**Assignment:**
Return all the lines below exactly as written. Drop every picture.

**Data shown:**

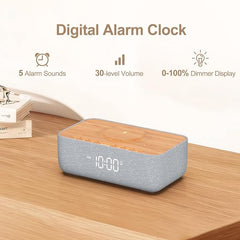 15W Fast Magnetic Wireless Charging Alarm Clock with White Noise Machine, Woodgrain Style, 20 High‑Fidelity Sounds, Gradual Wake & Snooze, 0–100% Dimmable Digital Clock, Bedroom & Office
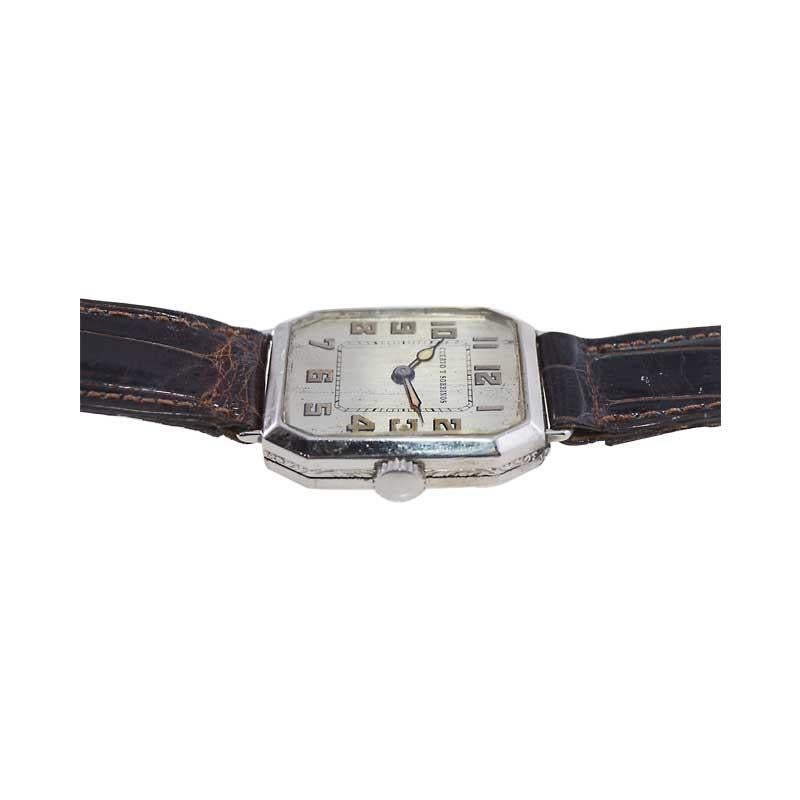 Cuervo Y Sobrinos Nickel Art Deco Tank Watch from 1920's with Original Dial For Sale 2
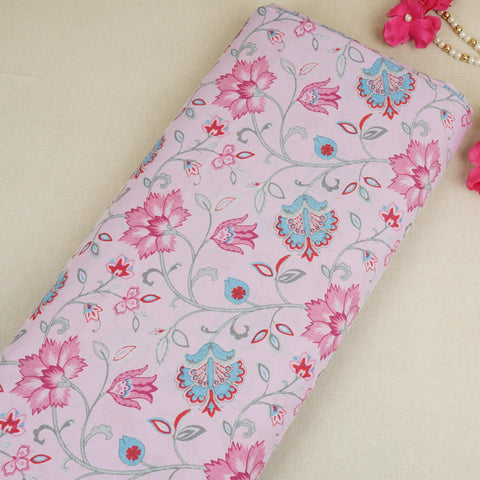 Baby Pink Floral Print Cotton Fabric AFI-29534
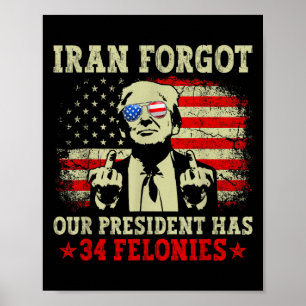 Poster Irã esqueceu que o presidente tem 34 crimes flag v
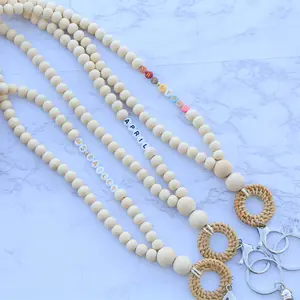 Rattan Wood bead teacher Lanyard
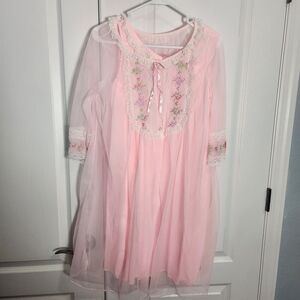 Sheer Pink Embroidered Women's Robe with Lace Trim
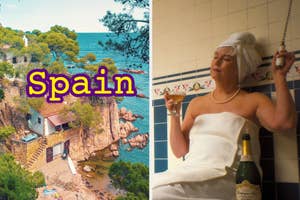 Split image with "Spain" text on left; Right shows a woman with a towel on head, holding a drink, in a bathroom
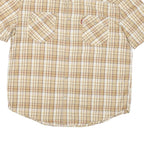 LEVI'S Mens Beige & Brown Check Shirt Cotton Blend L Casual Short Sleeve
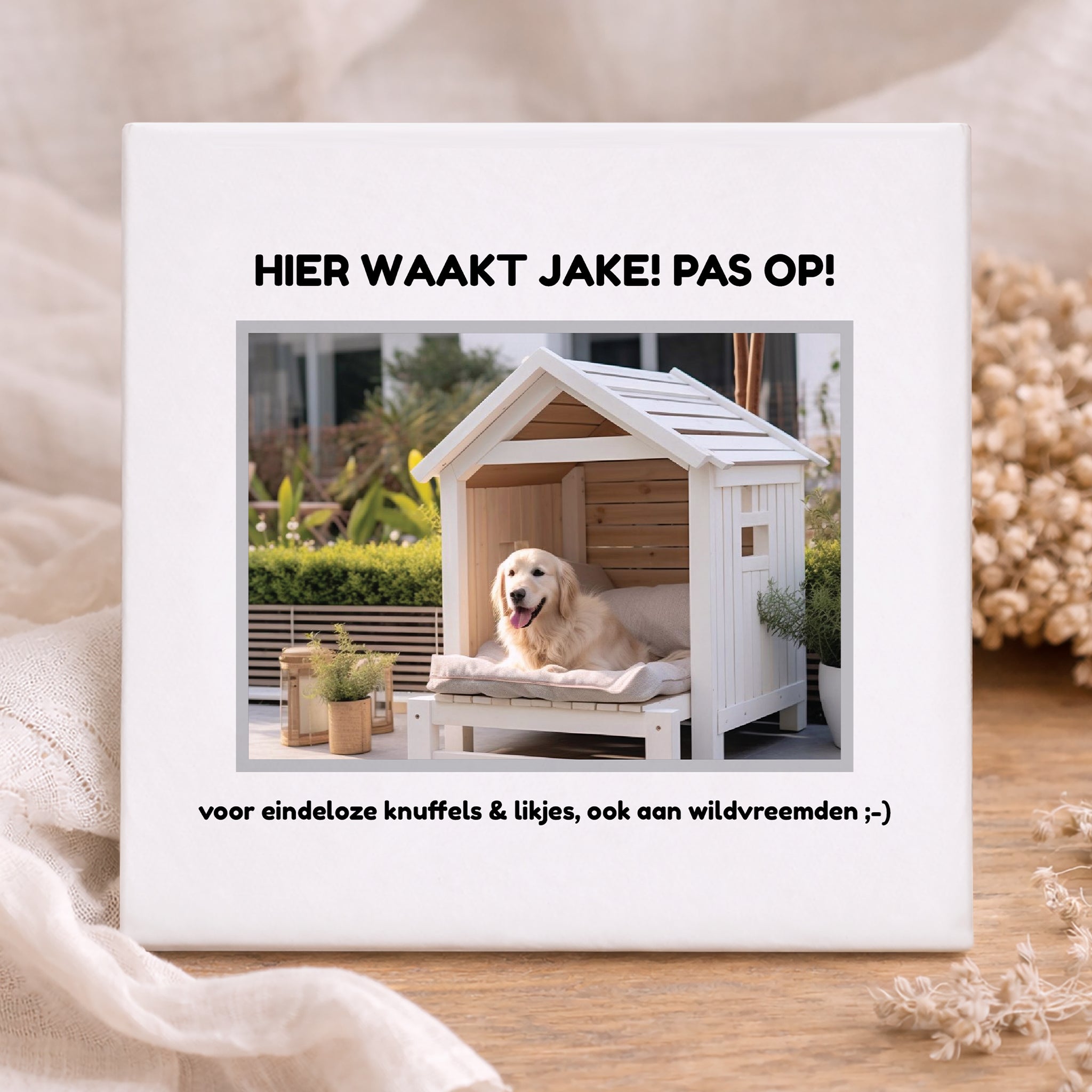 Tegel - Waakbord hond met foto en tekst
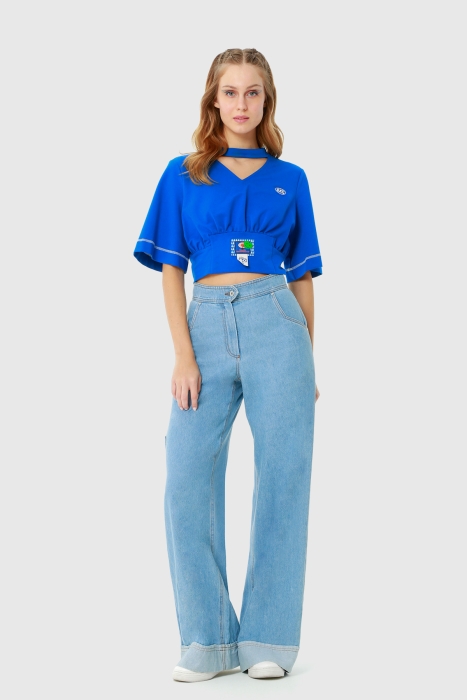 Gizia Corset Detailed Saxe Blue Crop Top. 1 Gizia Corset Detailed Saxe Blue Crop Top. 1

**Task output:**
 15W Fast Magnetic Wireless Charging Alarm Clock with White Noise Machine, Woodgrain Style, 20 High‑Fidelity Sounds, Gradual Wake & Snooze, 0–100% Dimmable Digital Clock, Bedroom & Office
 Cuervo Y Sobrinos Nickel Art Deco Tank Watch from 1920's with Original Dial For Sale 2
 Baby Pink Floral Print Cotton Fabric AFI-29534
 Poster Irã esqueceu que o presidente tem 34 crimes flag v
 Rattan Wood bead teacher Lanyard
 Sheer Pink Embroidered Women's Robe with Lace Trim
 Split image with "Spain" text on left; Right shows a woman with a towel on head, holding a drink, in a bathroom
 LEVI'S Mens Beige & Brown Check Shirt Cotton Blend L Casual Short Sleeve
 Tegel - Waakbord hond met foto en tekst
 Gizia Corset Detailed Saxe Blue Crop Top. 1 Gizia Corset Detailed Saxe Blue Crop Top. 1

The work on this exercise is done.